Riteesh Mishra

Personal information
- Place of birth: England

Team information
- Current team: Nottingham Forest (assistant)

Youth career
- Years: Team
- 2010: Nottingham Forest

Managerial career
- 2016–2021: Charlton Athletic
- 2021–2025: Charlton Athletic (assistant)
- 2025–: Nottingham Forest (assistant)

= Riteesh Mishra =

English association football manager

Riteesh Mishra is an English football coach and former player who is currently assistant coach of Women's Super League 2 club Nottingham Forest. He is one of very few elite coaches within professional football from South Asian heritage.

==Playing career==

As a youth player, Mishra joined the youth academy of English side Nottingham Forest. After graduating from the academy, he trialled with Scottish teams before ending his career at aged 20 due to a career ending injury.
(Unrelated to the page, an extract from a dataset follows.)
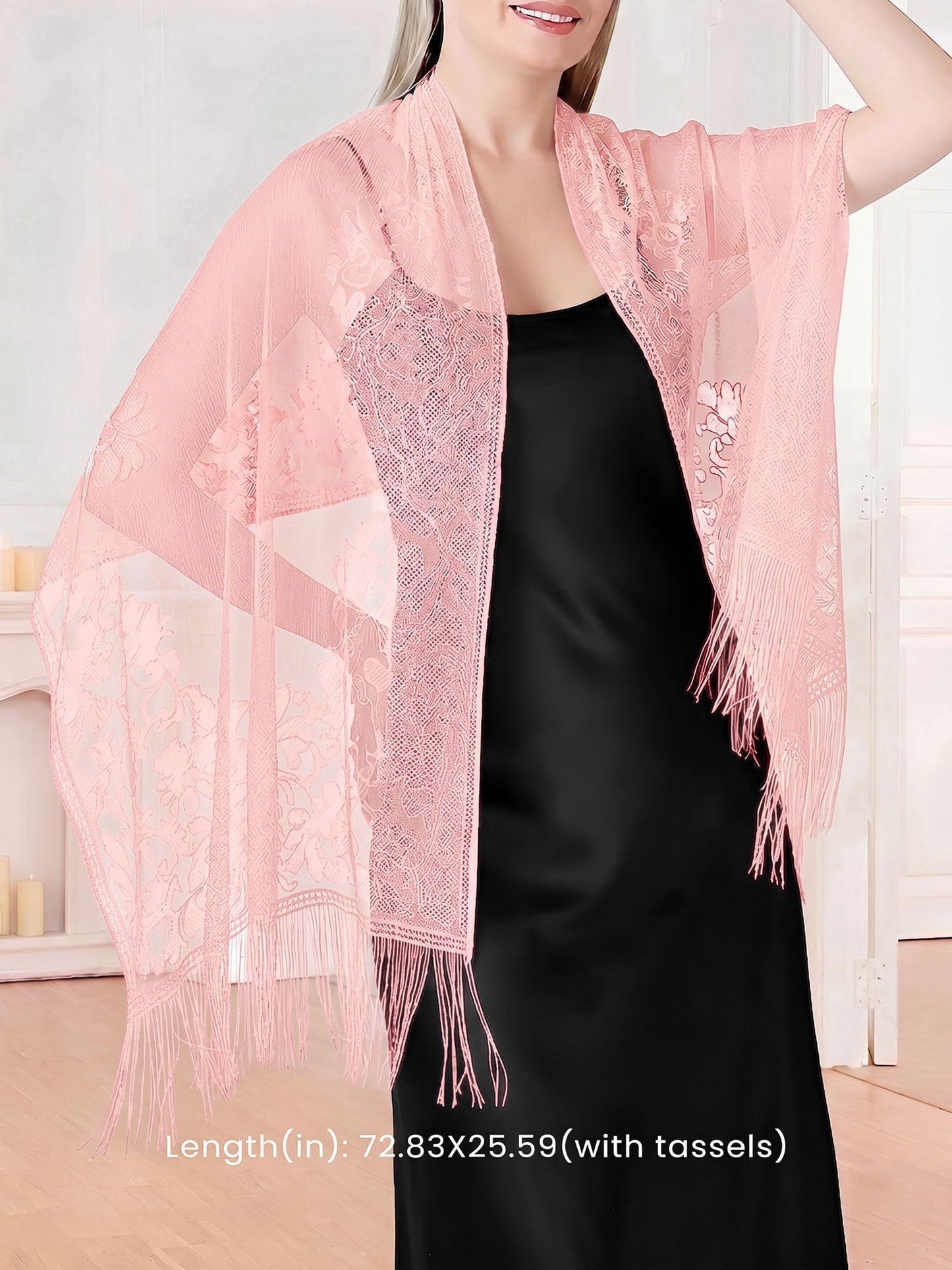 Evening Gown tasseled Lace Shawl/Scarf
After that, he started his managerial career.

==Managerial career==

In 2016, Mishra was appointed manager of English women's third tier side Charlton Athletic, helping them earn promotion to the English women's second tier. While managing Charlton Athletic, he also worked as a Deloitte talent manager. He holds a UEFA A coaching license. After leading Charlton to promotion in to the 2nd division (then Women's Championship), he led he club to a 3rd place finish just short of back to back promotions. His time at Charlton Athletic then was as Assistant Head Coach, and he continued with the club until 2025 when he made the move to Nottingham Forest.

Riteesh also spent 18 months supporting the England Lionesses pathway teams (U18's and U19's) between 2022-2023.

==Personal life==

Mishra's father played football at county level.